Data from 2017 to 2022 were pulled from the Tufts Medical Center specialty drug evidence and coverage database, which includes information on specialty drug coverage decisions issued by 17 large US commercial payers. Real-world data were collected from IQVIA’s longitudinal access and adjudicated dataset and PharMetrics Plus database, which included deidentified claims-level market share data for all originator product families. CMS’ average sales price (ASP) quarterly payment was used to identify market-based pricing that reflects average manufacturers’ ASP after rebates and discounts. A pricing databased was used to obtain wholesale acquisition cost (WAC) data.

Seven originator products marketed as of August 2022 across indications with at least 1 biosimilar with FDA approval were assessed. The results showed the payer policies with originators as the sole preferred product decreased from 56% in 2017 to 8% in 2022.

Additionally, policies where more than one product was preferred rose from 30% in 2017 to 75% in 2022, with 92% of policies including at least one biosimilar as a first-line option.

In 2022, one payer did not cover any originator product facing biosimilar competition as a first-line therapy, and 16 payers varied (3% to 89%) in the frequency of coverage of originator products among preferred treatments.

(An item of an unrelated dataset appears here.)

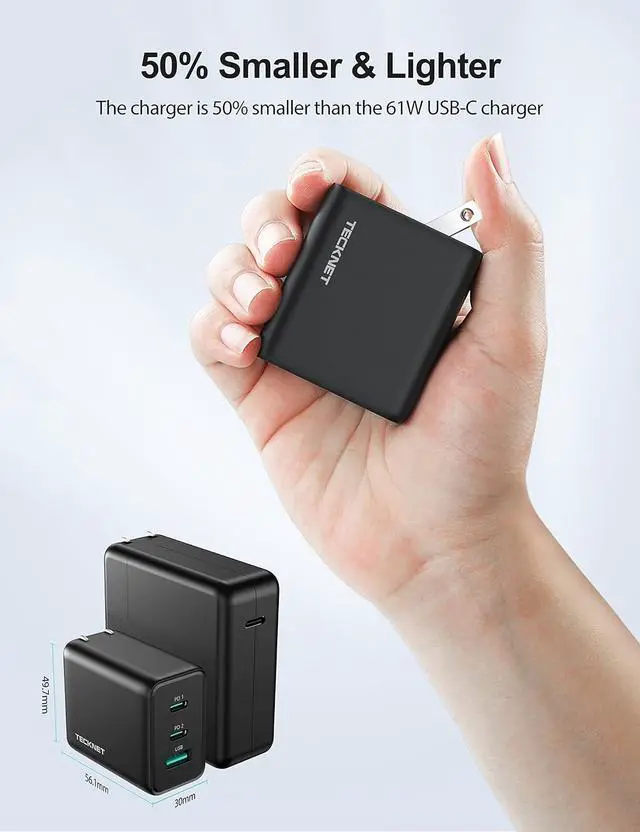 Alt view image 6 of 7 - USB C Charger 65W PD 3.0 GaN Charger Type C Foldable Adapter with 5ft Type C to C Cable, Fast Wall Charger Compatible with iPhone 15 Pro Max/15 Plus/15/14/MacBook Pro/iPad/Switch/Galaxy S23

“Payer policies are facilitating a competitive market, reflected by a growing number of biosimilars and a gradual rise in biosimilar market shares,” the researchers wrote.

Market Share Analysis

By the end of the third year post-launch of the first biosimilar, the market shares for biosimilars surpassed that of originators. However, the average individual biosimilar market share has not exceeded 20% at the four-year mark after the first biosimilar launch.

Wholesale acquisition costs of the originator and biosimilar markets dropped to 91% of the competition value prior to biosimilar market entrance. Also, ASPs for originators and biosimilars dropped to 63% over an average of four years after initial biosimilar launch.

“The low individual biosimilar market shares is in part due to multiple biosimilar entry, providing evidence of the greater market competition brought on by biosimilars. Despite concerns of slow biosimilar uptake, the market appears to be functioning competitively as is evident by the decline in ASP of the market, which should result in cost savings in the long run,” the researchers explained.

Reference

Beinfeld MT, LaMountain F, Wong WB, Kim E, Chamgers JD. Trends in US commercial health plan coverage of biosimilars. Presented at: AMCP Nexus; October 16-19, 2023; Orlando, Florida. Poster: U17.

This story first appeared on Center for Biosimilars.